EIP-7782: Reduce Slot Time for Lower Peak Bandwidth

Discussion topic for EIP-7781

Reduce Ethereum’s slot time from 12 seconds to 8 seconds

  1. reduce based rollup latency
  2. increase transaction throughput by approximately 33% without increasing individual block or blob counts
  3. distributing bandwidth usage over time to lower peak bandwidth requirements and maintain network efficiency.

This would be equivalent to increasing blob count from 6 to 8 or gas limit from 30M to 40M; however this approach does not increase peak bandwidth.

4 Likes

I think one thing that is currently missing is decreasing the validator rewards accordingly.

Validators will propose more blocks per year and and will attest to more epochs. If we keep the current rewards, more ETH will be issued than is today.

IMO changing the issuance should not be mixed together with performance increases, but should rather be a separate discussion.

The reward decrease should be a simple enough and not add much complexity to the EIP

3 Likes
  • Is there a way to determine the expected bandwidth and hardware requirements for solo stakers like myself?
  • I understand the goal of increasing throughput, but how do we quantify the impact this will have on solo stakers? Specifically, how many solo stakers might be adversely affected or forced out?
  • I came across a post on X where Vitalik mentioned another sensible approach that involves increasing throughput while also reducing the minimum staking requirement (e.g., to 16 ETH or 8 ETH).
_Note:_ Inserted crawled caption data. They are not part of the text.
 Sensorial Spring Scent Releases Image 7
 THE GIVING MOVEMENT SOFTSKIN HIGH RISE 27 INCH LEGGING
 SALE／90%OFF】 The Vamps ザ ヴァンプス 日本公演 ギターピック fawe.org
Will this idea be part of this EIP, or is it even being considered at the moment?
1 Like

As Layer1, the slot time should be slightly longer rather than shorter while ensuring the goal of supporting enough and diverse validators. Increasing it from 12s to 16s~32s is a more correct choice. How do you ensure geographic diversity among validators?

A thought experiment:

Assume there is EIP-X that wants to cut slot times in half to 6 seconds, and also cuts max gas in half to half the block size. Assume that before EIP-X your uplink/downlink bandwidth is barely able to receive all the required data within 11 second. You need the extra 1 second to verify and execute the block, so you just hit the 12 second mark before you need to start downloading data for the next slot.

After EIP-X is implemented, you will not be able to participate in the network anymore. Why? Because the block verification and execution time is not going to get cut in half. There is a fixed cost in that process that is not dependent on the block size. Let’s say the fixed cost is only 10% out of your 1 second processing time, i.e. 0.1 sec. Then post-EIP-X, you still have a harder bandwidth requirement than before as (11/2+0.9/2+0.1) > 12/2.
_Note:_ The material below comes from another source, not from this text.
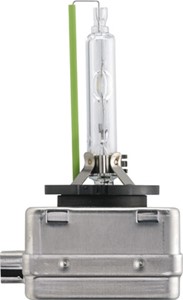 Xenonlamppu (PK32d-s) (D1S), sopii monia malleja, 1 742 895 9, 910139 000002, DYX00-99655, N910139 000002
I have ignored attestation data and attestation timing in the thought experiment above. I believe that attestation data requirements within a slot wouldn’t change. You still need to send/receive the same amount per slot independent of the fact that the execution payload size post-EIP-X is half. So you have another fixed cost.

You can take the whole thought experiment further. Just keep cutting slot times in half, while also cutting block size in half. I argue that you will all those cuts adverse effect low bandwidth participants. It increases their (peak) bandwidth requirement, where “peak” means in the first half of the slot for them to be ready to attest to the new HEAD.

Frankly, an increase in the gas limit doesn’t seem very pressing giving the success of the L2s. By the same argument, EIP-7782 as an alternative means to increase block space expansion should be equally considered low priority. While faster confirmations are nice, based preconfirmations look more promising.